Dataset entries
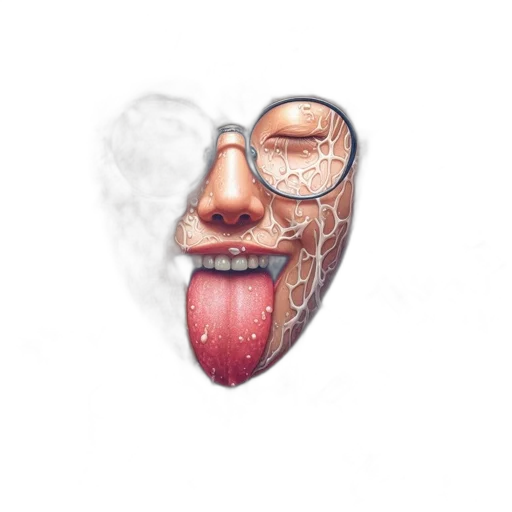 mask, face, creature, photorealistic transparent PNG cut-out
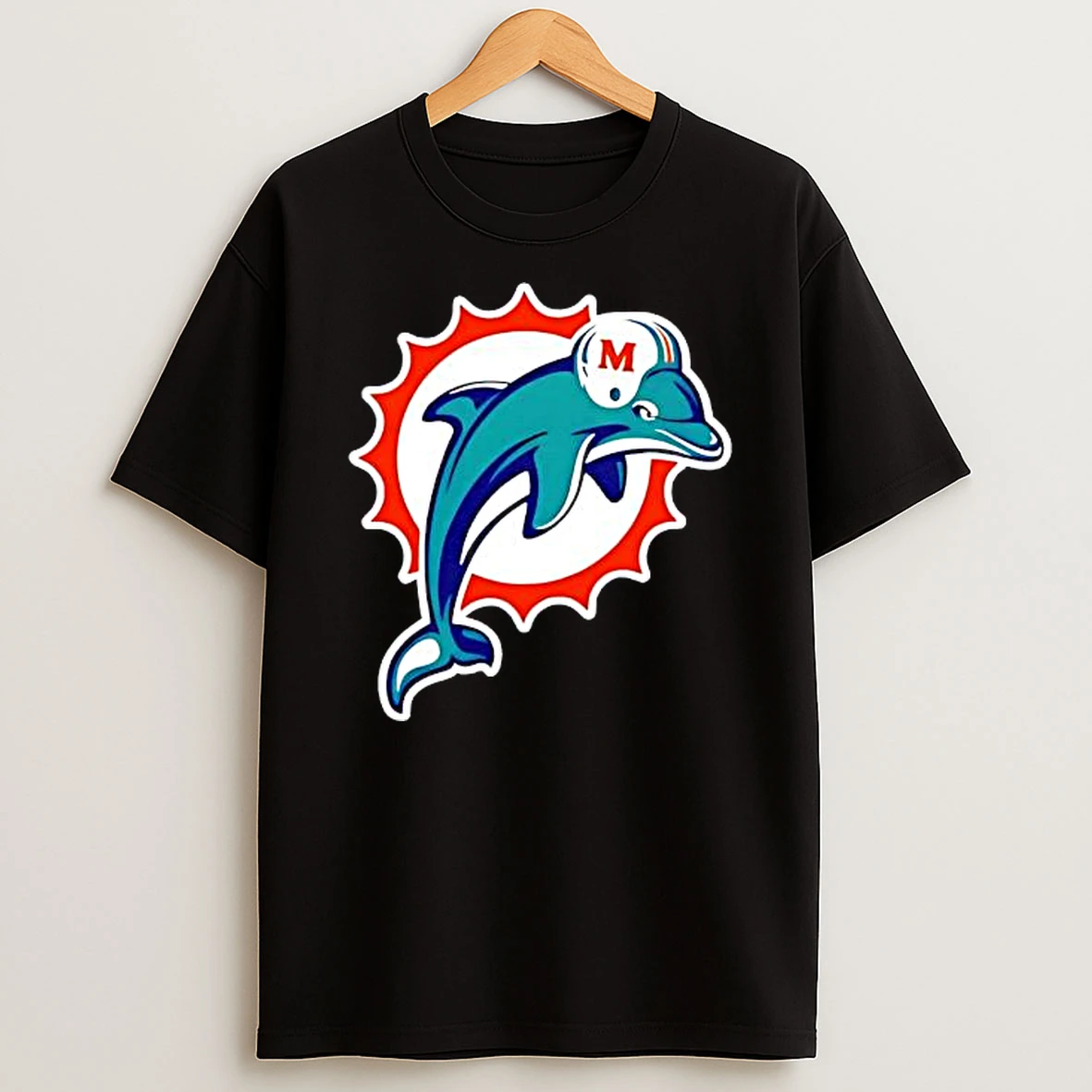 Miami Dolphins Wicking Helmet Shirts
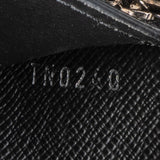 Louis Vuitton Noir Epi Leather Twist Compact Wallet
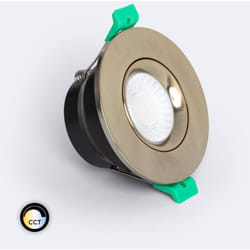 Efectoled - Spot Downlight Ignifuge led 5-8W Rond Dimmable IP65 Coupe ø 65 mm Design Ajustable Doré Sélectionnable (Neutre-Froid)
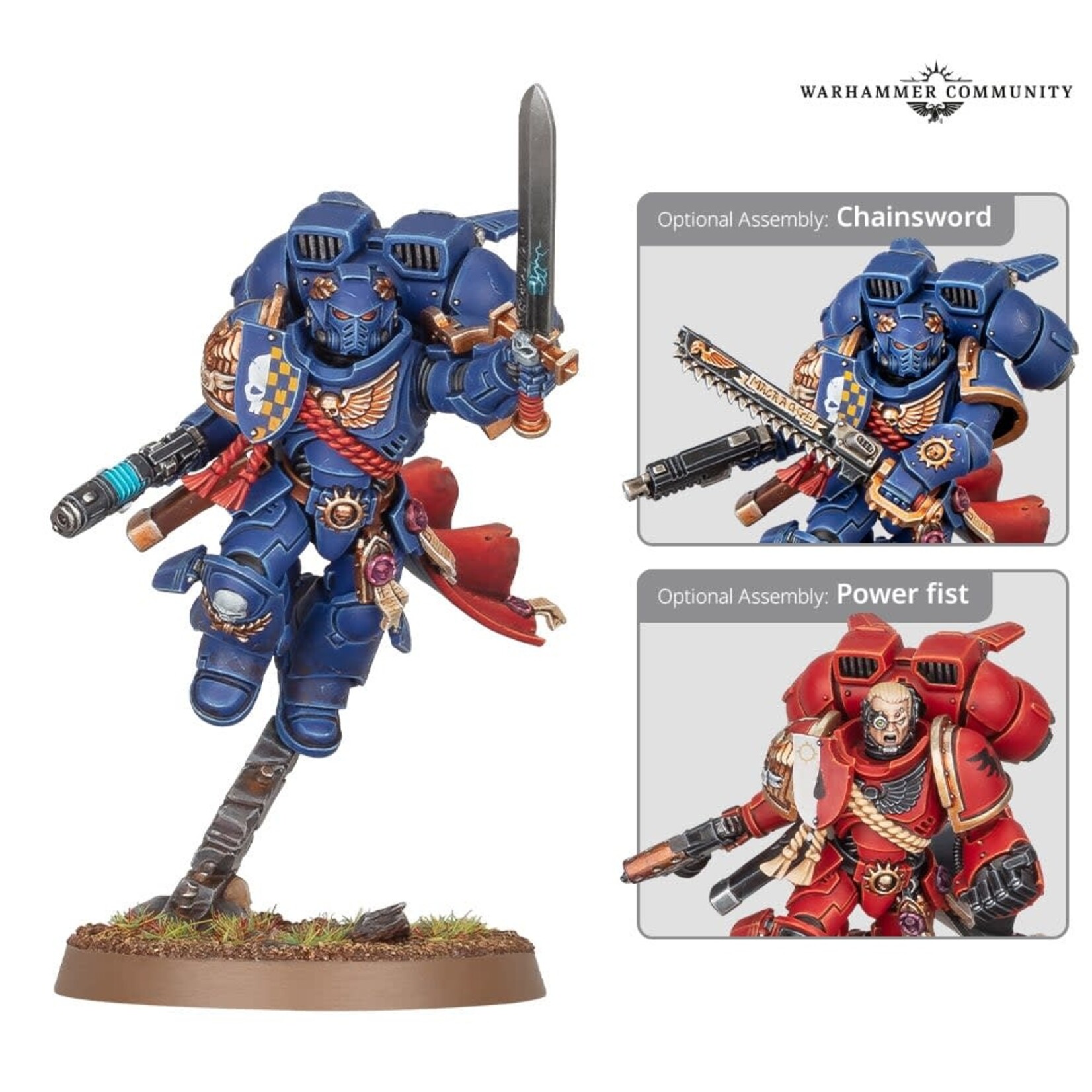 Games Workshop SPACE MARINES: CAPTAIN WITH JUMP PACK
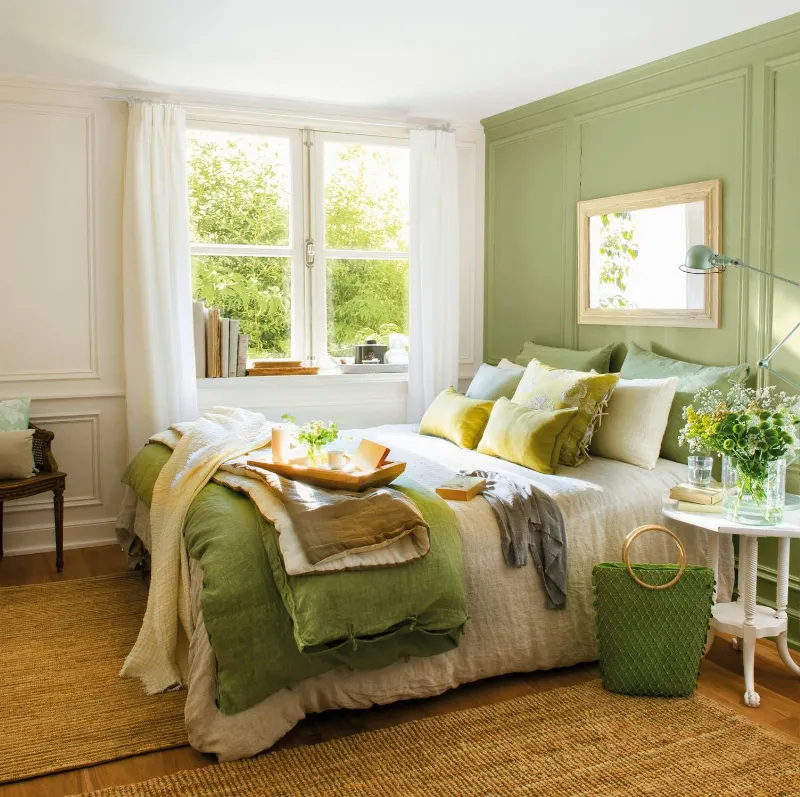 Los Colores Complementarios al Verde en la Arquitectura de Fachadas y Decoración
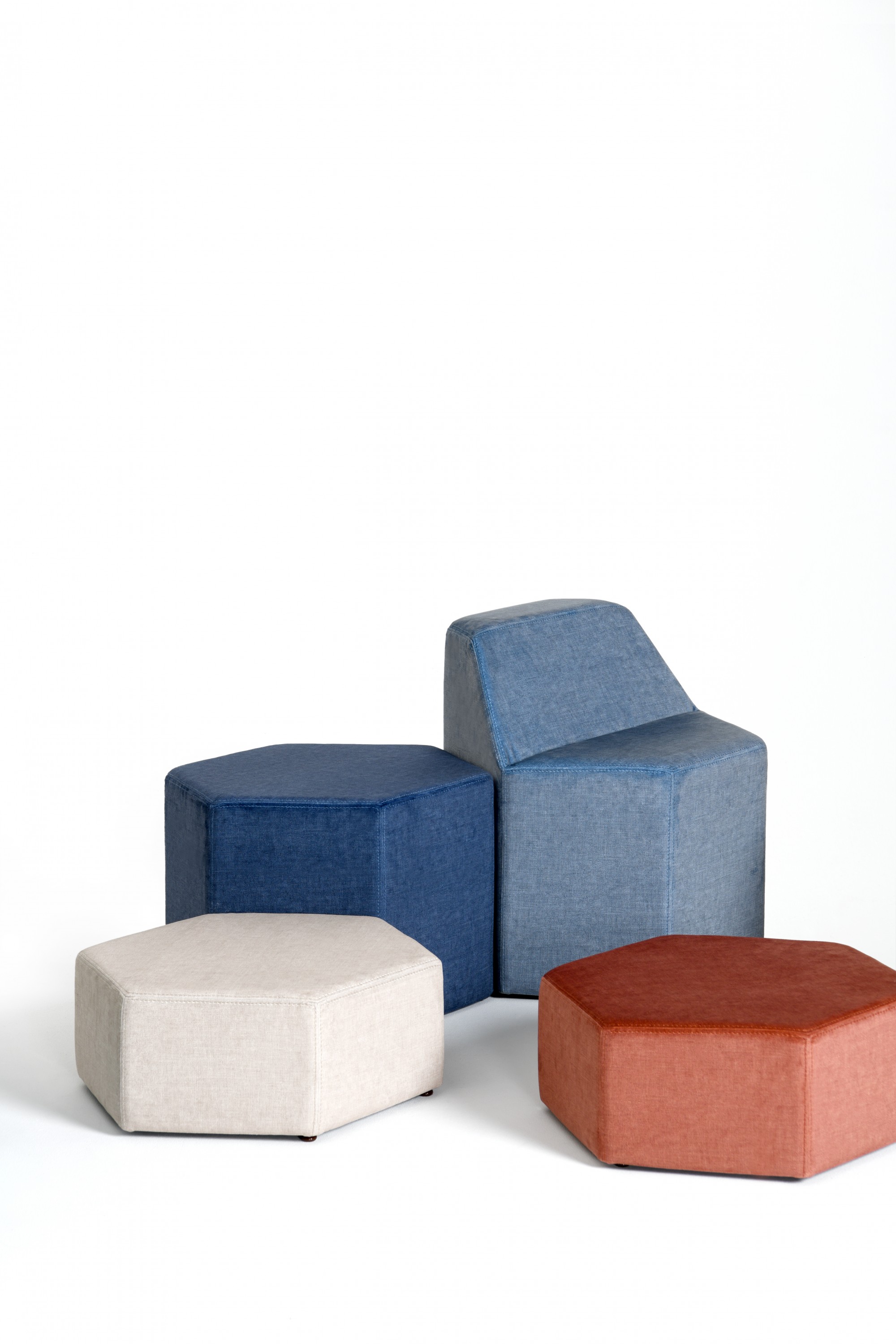Pouf "HexÔ", Fred H Design.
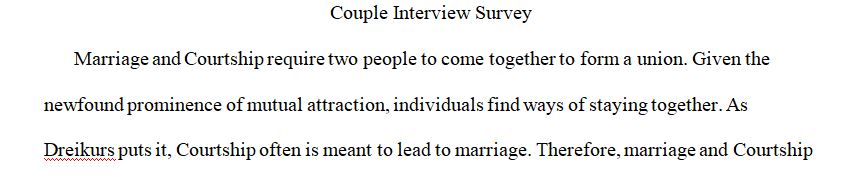 Learning Activity 2 Married Couples Survey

#### What is required:
Reproduce exactly, with every picture left out, the lines from the one that contains "Efectoled - Spot" to the final line of the records above.

#### Response:
 Efectoled - Spot Downlight Ignifuge led 5-8W Rond Dimmable IP65 Coupe ø 65 mm Design Ajustable Doré Sélectionnable (Neutre-Froid)
 Games Workshop SPACE MARINES: CAPTAIN WITH JUMP PACK
 Los Colores Complementarios al Verde en la Arquitectura de Fachadas y Decoración
Pouf "HexÔ", Fred H Design.
 Learning Activity 2 Married Couples Survey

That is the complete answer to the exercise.